▶ _Task brief_: From the records below, please repeat exactly the line that has "up close view", the line that has "Une enseigne pour", and every line between them, and nothing else.

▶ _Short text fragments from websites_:

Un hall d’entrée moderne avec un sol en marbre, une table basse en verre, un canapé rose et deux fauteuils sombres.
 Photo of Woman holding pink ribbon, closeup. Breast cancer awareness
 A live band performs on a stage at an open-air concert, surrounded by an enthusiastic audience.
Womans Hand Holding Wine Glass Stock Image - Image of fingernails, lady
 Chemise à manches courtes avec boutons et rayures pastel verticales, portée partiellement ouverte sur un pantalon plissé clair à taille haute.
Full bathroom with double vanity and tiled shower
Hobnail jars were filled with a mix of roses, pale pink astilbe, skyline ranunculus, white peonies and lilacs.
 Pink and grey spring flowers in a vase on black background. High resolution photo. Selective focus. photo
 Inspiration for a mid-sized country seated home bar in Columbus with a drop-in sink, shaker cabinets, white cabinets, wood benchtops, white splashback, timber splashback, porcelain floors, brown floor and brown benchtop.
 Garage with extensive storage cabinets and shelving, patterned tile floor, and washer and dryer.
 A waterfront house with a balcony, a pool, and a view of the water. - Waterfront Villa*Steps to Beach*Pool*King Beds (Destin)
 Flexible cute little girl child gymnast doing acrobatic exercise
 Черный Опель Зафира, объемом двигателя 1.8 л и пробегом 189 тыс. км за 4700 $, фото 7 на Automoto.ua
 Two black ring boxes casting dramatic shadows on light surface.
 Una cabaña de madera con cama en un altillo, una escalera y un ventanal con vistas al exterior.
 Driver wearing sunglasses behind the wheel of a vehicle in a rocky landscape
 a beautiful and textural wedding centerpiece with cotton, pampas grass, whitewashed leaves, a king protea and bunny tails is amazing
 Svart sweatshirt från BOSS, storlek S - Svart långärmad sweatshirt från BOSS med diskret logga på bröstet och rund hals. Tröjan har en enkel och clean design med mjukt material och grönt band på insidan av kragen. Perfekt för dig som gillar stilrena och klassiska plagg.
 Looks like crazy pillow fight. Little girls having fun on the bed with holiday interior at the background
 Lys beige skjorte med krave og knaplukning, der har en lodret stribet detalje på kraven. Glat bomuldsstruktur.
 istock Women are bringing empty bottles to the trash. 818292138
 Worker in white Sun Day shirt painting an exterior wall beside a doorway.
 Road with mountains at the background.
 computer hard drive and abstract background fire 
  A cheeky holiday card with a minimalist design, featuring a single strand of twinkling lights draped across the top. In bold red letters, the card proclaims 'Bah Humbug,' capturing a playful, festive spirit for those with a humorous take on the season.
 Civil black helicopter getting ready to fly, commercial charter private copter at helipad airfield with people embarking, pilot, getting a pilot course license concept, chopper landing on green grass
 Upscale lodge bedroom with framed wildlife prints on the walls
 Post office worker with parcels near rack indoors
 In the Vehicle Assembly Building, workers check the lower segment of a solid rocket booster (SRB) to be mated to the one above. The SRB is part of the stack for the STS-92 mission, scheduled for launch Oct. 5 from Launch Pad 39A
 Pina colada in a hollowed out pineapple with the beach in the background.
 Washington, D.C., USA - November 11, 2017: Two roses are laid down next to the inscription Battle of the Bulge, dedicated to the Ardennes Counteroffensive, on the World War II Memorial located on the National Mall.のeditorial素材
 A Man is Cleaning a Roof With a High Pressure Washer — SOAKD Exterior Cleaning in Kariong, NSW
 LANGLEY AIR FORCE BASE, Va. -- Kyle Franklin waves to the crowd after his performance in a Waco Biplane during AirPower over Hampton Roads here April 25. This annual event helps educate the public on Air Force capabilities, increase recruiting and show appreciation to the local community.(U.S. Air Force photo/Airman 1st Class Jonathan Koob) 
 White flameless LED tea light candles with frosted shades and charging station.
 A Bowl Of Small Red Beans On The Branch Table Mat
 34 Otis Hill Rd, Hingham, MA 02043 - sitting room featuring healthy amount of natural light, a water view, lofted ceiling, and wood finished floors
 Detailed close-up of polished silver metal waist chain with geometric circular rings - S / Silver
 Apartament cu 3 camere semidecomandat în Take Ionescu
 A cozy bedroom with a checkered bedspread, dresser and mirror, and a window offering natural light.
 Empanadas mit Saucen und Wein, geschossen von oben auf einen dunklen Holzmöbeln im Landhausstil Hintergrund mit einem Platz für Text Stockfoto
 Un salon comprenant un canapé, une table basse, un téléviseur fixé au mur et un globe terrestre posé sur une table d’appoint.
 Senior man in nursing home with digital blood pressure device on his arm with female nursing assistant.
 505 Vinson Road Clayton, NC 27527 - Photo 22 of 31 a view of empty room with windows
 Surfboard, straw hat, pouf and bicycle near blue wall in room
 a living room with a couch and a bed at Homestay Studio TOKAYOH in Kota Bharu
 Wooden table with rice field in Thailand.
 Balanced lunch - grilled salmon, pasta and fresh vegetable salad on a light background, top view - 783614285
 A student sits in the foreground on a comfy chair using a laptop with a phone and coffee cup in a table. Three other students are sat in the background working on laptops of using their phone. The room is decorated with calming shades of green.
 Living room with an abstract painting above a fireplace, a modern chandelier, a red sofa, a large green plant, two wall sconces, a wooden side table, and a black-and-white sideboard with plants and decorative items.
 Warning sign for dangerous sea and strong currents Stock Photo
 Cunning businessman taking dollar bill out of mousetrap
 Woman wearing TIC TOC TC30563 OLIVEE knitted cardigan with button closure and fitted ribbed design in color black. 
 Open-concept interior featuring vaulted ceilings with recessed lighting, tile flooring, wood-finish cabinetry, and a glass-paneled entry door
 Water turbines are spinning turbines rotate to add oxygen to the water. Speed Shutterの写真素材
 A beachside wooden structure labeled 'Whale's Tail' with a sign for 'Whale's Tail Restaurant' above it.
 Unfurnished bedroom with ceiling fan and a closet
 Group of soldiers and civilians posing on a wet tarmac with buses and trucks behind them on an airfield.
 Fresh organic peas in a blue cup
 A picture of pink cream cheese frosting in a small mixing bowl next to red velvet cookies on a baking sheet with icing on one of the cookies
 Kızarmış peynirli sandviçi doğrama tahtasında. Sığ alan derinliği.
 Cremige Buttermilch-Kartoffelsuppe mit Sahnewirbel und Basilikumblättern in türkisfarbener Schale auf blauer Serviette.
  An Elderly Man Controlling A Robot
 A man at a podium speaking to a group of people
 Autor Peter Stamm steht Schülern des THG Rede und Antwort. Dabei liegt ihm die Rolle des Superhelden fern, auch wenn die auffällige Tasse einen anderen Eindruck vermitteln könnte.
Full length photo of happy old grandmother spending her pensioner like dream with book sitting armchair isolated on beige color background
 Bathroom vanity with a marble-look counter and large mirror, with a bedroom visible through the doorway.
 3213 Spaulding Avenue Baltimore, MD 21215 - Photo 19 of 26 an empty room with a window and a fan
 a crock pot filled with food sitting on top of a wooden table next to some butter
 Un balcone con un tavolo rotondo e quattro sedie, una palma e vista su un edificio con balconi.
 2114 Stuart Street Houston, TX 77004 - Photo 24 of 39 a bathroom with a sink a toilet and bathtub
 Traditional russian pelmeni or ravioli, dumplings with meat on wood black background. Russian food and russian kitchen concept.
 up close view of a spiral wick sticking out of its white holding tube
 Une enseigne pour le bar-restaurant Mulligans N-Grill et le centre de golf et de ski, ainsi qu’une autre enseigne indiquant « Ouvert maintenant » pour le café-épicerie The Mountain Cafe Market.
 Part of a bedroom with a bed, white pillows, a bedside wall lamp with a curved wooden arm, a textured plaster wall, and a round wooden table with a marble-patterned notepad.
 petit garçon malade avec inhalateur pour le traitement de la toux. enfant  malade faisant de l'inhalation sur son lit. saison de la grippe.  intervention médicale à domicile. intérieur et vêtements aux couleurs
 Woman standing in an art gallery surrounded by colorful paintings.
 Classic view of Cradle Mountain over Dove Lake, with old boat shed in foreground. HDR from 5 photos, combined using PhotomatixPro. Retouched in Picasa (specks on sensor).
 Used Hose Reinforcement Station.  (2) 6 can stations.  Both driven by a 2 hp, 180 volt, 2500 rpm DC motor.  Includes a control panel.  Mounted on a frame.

▶ _Task result_:
 up close view of a spiral wick sticking out of its white holding tube
 Une enseigne pour le bar-restaurant Mulligans N-Grill et le centre de golf et de ski, ainsi qu’une autre enseigne indiquant « Ouvert maintenant » pour le café-épicerie The Mountain Cafe Market.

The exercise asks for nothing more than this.